- Film poster
- Directed by: Lesley Selander
- Screenplay by: Danny Arnold
- Story by: Danny Arnold
- Produced by: Howard W. Koch
- Starring: Peter Graves Joan Vohs John Hudson Joan Taylor
- Cinematography: Gordon Avil
- Edited by: John F. Schreyer
- Music by: Paul Dunlap
- Color process: Technicolor
- Production company: Bel-Air Productions
- Distributed by: United Artists
- Release date: October 4, 1955;
- Running time: 79 minutes
- Country: United States
- Language: English

= Fort Yuma (film) =

1955 film

Fort Yuma is a 1955 American Western film directed by Lesley Selander and starring Peter Graves, Joan Vohs, John Hudson and Joan Taylor.

==Plot==
When word reaches a U.S. Cavalry command that an Apache chief's son is planning an attack on Fort Yuma, a column of soldiers led by Lt. Ben Keegan is sent to deliver ammunition and supplies. Keegan has a longstanding hatred of the Indians and even resents that his chief scout, Sgt. Jonas, is an Apache himself.

Accompanying them is missionary Melanie Crown, an educated and enlightened woman from the East who despises prejudice and strongly believes everyone can live together in harmony, and the sergeant's sister, Francesca, whose mutual attraction with Keegan is complicated, considering his views.

The company is attacked, its soldiers being picked off one by one until only Keegan and Jonas and the two women remain alive. Apaches steal the dead soldiers' uniforms and intend to approach the fort in disguise. Fighting off two Apache attackers, Keegan kills one and hangs the other, against the appeals of the others.

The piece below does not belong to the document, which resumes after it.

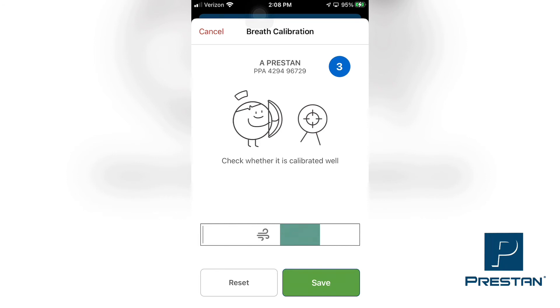Once satisfied that the ventilations are working properly and you have sufficient visual chest rise, tap the Save button to complete the calibration.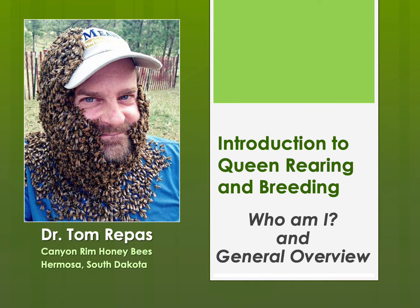Hello, my name is Tom Repass of Canyon Rim Honeybees in Hermosa, South Dakota. This next series of presentations are presentations that I've given at venues all across the United States. Some of you might have seen my very short, very basic queen bee rearing video that has over 500,000 views. This series of presentations delves into how to actually raise and breed queen bees. This first presentation is the background of who I am, where I'm coming from, and then a general overview and outline of the presentations and topics that I will cover.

Francesca is killed by an Apache, dying in Keegan's arms, which brings about a change in his attitudes. He and the others reach the fort just as the disguised Apaches' real identities are discovered. A fierce battle, saber vs. tomahawk, ensues between Keegan and the Apache chief's son, man to man. Keegan survives and experiences remorse for his beliefs, while Melanie and Jonas intend to set an example for the others how to co-exist in peace.

==Cast==
- Peter Graves as Lt. Ben Keegan
- Joan Vohs as Melanie Crown
- John Hudson as Sgt. Jonas
- Joan Taylor as Francesca
- William 'Bill' Phillips as Sgt. Major Milo Hallock (as Wm. {Bill} Phillips)
- James O'Hara as Cpl. Taylor (as James Liburn)
- Abel Fernandez as Mangas
- Addison Richards as Gen. Crook

==Production==
The film was edited before release with many violent scenes being excised.

The film was originally denied a seal from the Production Code Administration. Geoffrey Shurlock told producer Howard W. Koch that it contained "sadism and excessive gruesomeness". To get a seal, Koch allegedly reduced the number of killings from 24 to 10, although in fact there are still considerably more than 10 onscreen deaths in the amended version. Removed were scenes where a man is spread-eagled and torn apart by horses; an arrow impaling a hand to wood; and a scene depicting the bodies of hanged Indians, swaying from tree limbs.

Parts of the film were shot in Kanab movie fort, Kanab Creek, and Kanab Canyon.